**WHAT YOU ARE ASKED TO DO:** Nothing in the records should change; write them all out exactly.

**SOURCE MATERIAL:**
▼▼▼
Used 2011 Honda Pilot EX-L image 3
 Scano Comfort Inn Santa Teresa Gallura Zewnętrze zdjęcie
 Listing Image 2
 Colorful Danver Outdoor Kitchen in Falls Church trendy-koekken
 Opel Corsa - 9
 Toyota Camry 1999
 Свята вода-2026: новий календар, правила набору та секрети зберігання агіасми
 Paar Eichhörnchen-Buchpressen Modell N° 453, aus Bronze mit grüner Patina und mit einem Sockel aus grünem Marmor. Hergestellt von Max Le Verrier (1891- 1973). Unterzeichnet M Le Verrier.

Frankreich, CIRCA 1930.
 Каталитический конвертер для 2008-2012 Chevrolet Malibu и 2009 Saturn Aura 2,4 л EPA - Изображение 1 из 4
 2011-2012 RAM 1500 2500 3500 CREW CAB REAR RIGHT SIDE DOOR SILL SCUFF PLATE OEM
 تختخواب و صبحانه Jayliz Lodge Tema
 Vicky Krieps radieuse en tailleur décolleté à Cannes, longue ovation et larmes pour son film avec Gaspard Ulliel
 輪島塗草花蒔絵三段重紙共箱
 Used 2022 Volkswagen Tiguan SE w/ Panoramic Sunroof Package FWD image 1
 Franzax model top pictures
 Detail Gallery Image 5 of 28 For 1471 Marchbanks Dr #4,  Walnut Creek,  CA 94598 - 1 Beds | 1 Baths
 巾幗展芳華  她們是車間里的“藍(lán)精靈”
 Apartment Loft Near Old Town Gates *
▲▲▲
**REPLY:**
Used 2011 Honda Pilot EX-L image 3
 Scano Comfort Inn Santa Teresa Gallura Zewnętrze zdjęcie
 Listing Image 2
 Colorful Danver Outdoor Kitchen in Falls Church trendy-koekken
 Opel Corsa - 9
 Toyota Camry 1999
 Свята вода-2026: новий календар, правила набору та секрети зберігання агіасми
 Paar Eichhörnchen-Buchpressen Modell N° 453, aus Bronze mit grüner Patina und mit einem Sockel aus grünem Marmor. Hergestellt von Max Le Verrier (1891- 1973). Unterzeichnet M Le Verrier.

Frankreich, CIRCA 1930.
 Каталитический конвертер для 2008-2012 Chevrolet Malibu и 2009 Saturn Aura 2,4 л EPA - Изображение 1 из 4
 2011-2012 RAM 1500 2500 3500 CREW CAB REAR RIGHT SIDE DOOR SILL SCUFF PLATE OEM
 تختخواب و صبحانه Jayliz Lodge Tema
 Vicky Krieps radieuse en tailleur décolleté à Cannes, longue ovation et larmes pour son film avec Gaspard Ulliel
 輪島塗草花蒔絵三段重紙共箱
 Used 2022 Volkswagen Tiguan SE w/ Panoramic Sunroof Package FWD image 1
 Franzax model top pictures
 Detail Gallery Image 5 of 28 For 1471 Marchbanks Dr #4,  Walnut Creek,  CA 94598 - 1 Beds | 1 Baths
 巾幗展芳華  她們是車間里的“藍(lán)精靈”
 Apartment Loft Near Old Town Gates *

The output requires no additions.